I have a very large file (several GB) in AWS S3, and I only need a small number of lines in the file which satisfy a certain condition. I don't want to load the entire file in-memory and then search for and print those few lines - the memory load for this would be too high. The right way would be to only load those lines in-memory which are needed.

As per AWS documentation to read from file:

fullObject = s3Client.getObject(new GetObjectRequest(bucketName, key));
 displayTextInputStream(fullObject.getObjectContent());

private static void displayTextInputStream(InputStream input) throws IOException {
    // Read the text input stream one line at a time and display each line.
    BufferedReader reader = new BufferedReader(new InputStreamReader(input));
    String line = null;
    while ((line = reader.readLine()) != null) {
        System.out.println(line);
    }
    System.out.println();
}

Here we are using a BufferedReader. It is not clear to me what is happening underneath here.

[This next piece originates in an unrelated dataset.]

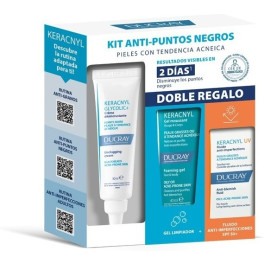 Ducray Keracnyl Anti-cravos Lote 3 Peças Unissex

Are we making a network call to S3 each time we are reading a new line, and only keeping the current line in the buffer? Or is the entire file loaded in-memory and then read line-by-line by BufferedReader? Or is it somewhere in between?

sbhatla
  • 946
  • 18
  • 33
  • From the [link you posted](https://docs.aws.amazon.com/AmazonS3/latest/dev/RetrievingObjectUsingJava.html): **Note** Your network connection remains open until you read all of the data or close the input stream. We recommend that you read the content of the stream as quickly as possible. – Johannes Kuhn Jul 24 '18 at 19:44
  • My question is more along the lines of - will the entire file be loaded in-memory, or only the lines I'm reading, or a buffer that's somewhere in between? – sbhatla Jul 25 '18 at 22:20
  • Simply write a small sample application and try to read the file from S3 using the above code.If it would read the hole file into memory at once, you will encounter an OOM for sure. – dpr Aug 03 '18 at 10:11

4 Answers4

10

One of the answer of your question is already given in the documentation you linked:

Your network connection remains open until you read all of the data or close the input stream.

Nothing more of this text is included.